During arguments by teleconference in the case, conservative justices asked questions that appeared to indicate they believe the Federal Communications Commission did not overstep its authority in repealing certain media ownership regulations in 2017. The court has a 6-3 conservative majority.
The justices were considering appeals by the FCC, companies including News Corp, Fox Corp and Sinclair Broadcast Group Inc and the National Association of Broadcasters of a lower court ruling that blocked the rule changes for failing to consider the effects on ownership diversity.
The broadcast industry wants a freer hand to consolidate operations, and the FCC’s move helped that goal. But critics of the FCC’s action have said loosening ownership rules as the agency did could jeopardize a wider array of news and information sources at the local level.
The Philadelphia-based 3rd U.S. Circuit Court of Appeals has thwarted the FCC’s efforts to revise the rules since 2003 in a series of decisions.
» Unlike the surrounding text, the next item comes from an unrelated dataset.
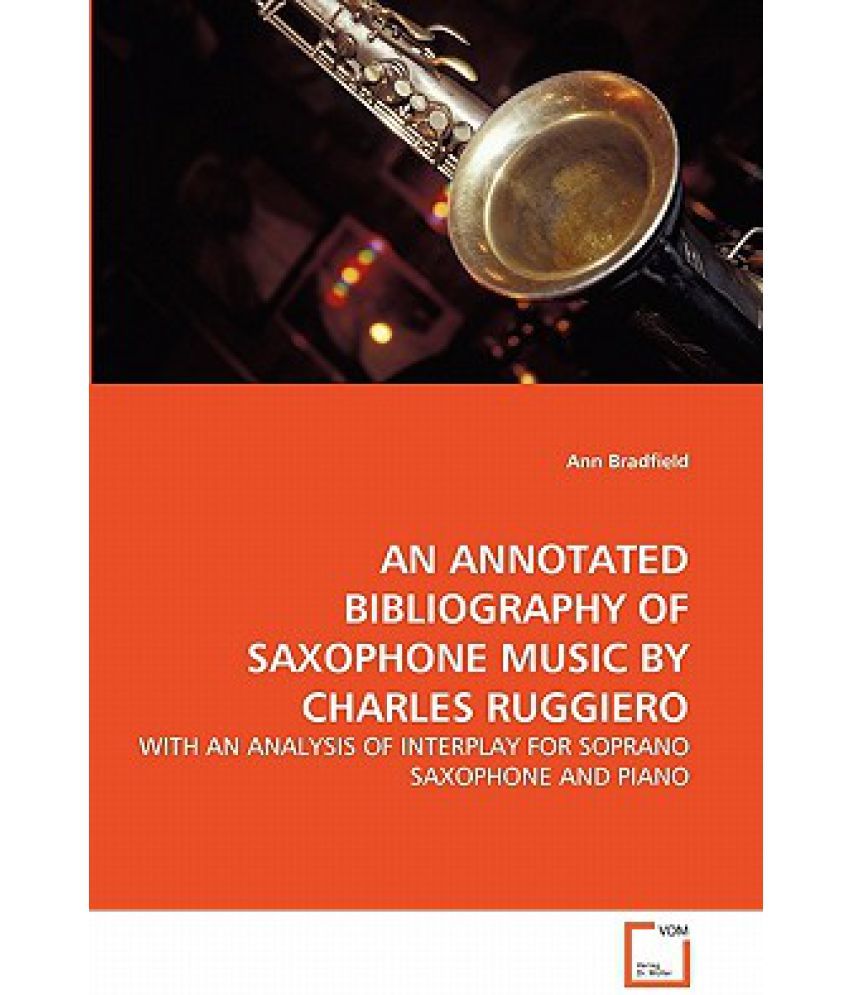 Annotated bibliography format picture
Chief Justice John Roberts and other conservative justices focused during the arguments on the FCC’s obligation to extensively analyze potential impacts on women and minorities.
Roberts wondered whether the FCC should have to justify changing its focus from one priority to another that it thinks is more important, such as cross-ownership between broadcast and print media as opposed to ownership by minorities and women.
“Reasonable people can disagree on that,” Roberts said.
Fellow conservative Justice Neil Gorsuch said that a 1996 law directing the FCC to periodically review ownership rules had a “deregulatory impulse and yet that impulse idea has never been exercised.”
Liberal Justice Sonia Sotomayor said that the FCC has “for decades” considered minority and women ownership when making its rules and that legal precedent requires an adequate explanation if that approach is rejected.
At issue in the case is a 2019 ruling by the 3rd Circuit, which ordered the FCC to reconsider the issue.
In 2017, the Republican-led FCC voted to eliminate a ban in place since 1975 on cross-ownership of a newspaper and TV station in a major market. It also voted to make it easier for media companies to buy additional TV stations in the same market, for local stations to jointly sell advertising time and for companies to buy additional radio stations in some markets.
The new rules were challenged by a number of community advocacy groups led by Prometheus Radio Project.